Ugly is included for no extra cost.
The good, the bad, the bottom line, this is CNET on Cars.
Welcome to CNET on Cars, the show all about high tech and modern driving.
I'm Brian Cooley.
Hyundai has been making great cars for a number of years now, but you still had to explain your choice.
That maybe changing with the 2015 Sonata.
A heavily revised model, that plays into heart of the best-selling cars in Autodom.
Let's drive this all new version, and check the tech.
Sometimes when you want a major hit in the auto business, you don't have to be hot-looking or super fast, or anything superlative.
You just have to be a nice car.
Let's see how the all new.
All new heavily revised 2015 Hyundai Sonata goes after that bullseye and do they hit it?
Now the Sonata as you may recall got serious in the market with the 2009 model.
All of the sudden it became a real threat to Camry, Accord, Fusion, and the rest but it always had this unfortunate Hyundai trait of looking a little bit ornamented shall we say.
Just not a handsome car.
That's changed now and that's the big story on the outside of the new Sonata.
More urban lines.
Now I'll call your attention to a couple of exterior features.

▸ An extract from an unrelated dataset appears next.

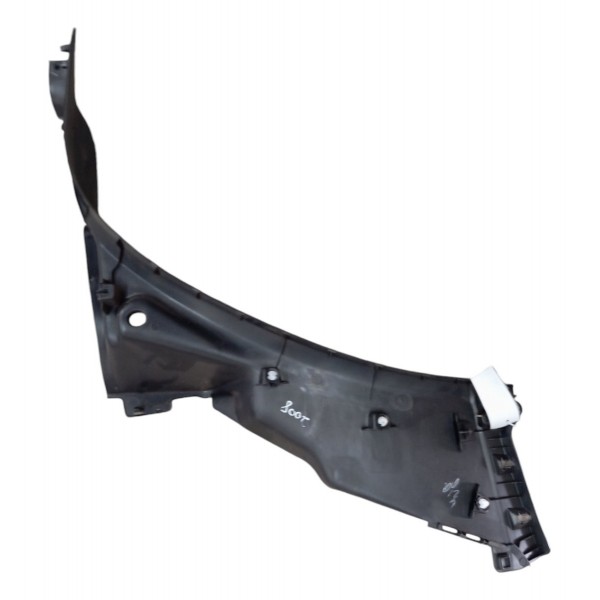 Soleira Porta Traseira Esquerda Peugeot 2008 1.6 2016 2017 Preto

First of all, the panoramic roof, which is optional, even on this limited trim, there's one bar in the middle, but it opens up a lot of sky.
And an interesting take on the trunk.
Just walk up to the rear of the car with a key in your pocket and stand there for three seconds, and the trunk opens automatically.

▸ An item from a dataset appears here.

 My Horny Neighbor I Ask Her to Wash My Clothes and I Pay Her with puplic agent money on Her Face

If you don't recall what the previous Sonata looked like, here's a look.
Now, here's what we have today.
This is completely different, kind of teutonic.
It's got a little bit of an Audi layout to it.
It's clean, it's handsome, it's modern, it's angular.
That's being continued.
Now our car's pretty loaded up.
It was a limited with almost every option CNET's style.
Navigation system as you see here.
Hyundai's always been a pretty good clean job of that and they've tended to have the fastest touch screen response in the industry by a big margin.
I'm afraid to report that that's a little bit muted now.
It's just, you wouldn't notice it watching me on camera here but I can tell you, shut up, just little milliseconds, little heart beats worth of differences are happening now when you touch the screen.
I will say this, when you're in navigation mode it's got a new, I believe.
Split screen option plus auto zoom and lot of things going on makes it kind of busy.
Your standard audio is gonna be iPod and USB and AUX jack all down here in this new enlarged bin, Sirius XM and bluetooth streaming are also standard.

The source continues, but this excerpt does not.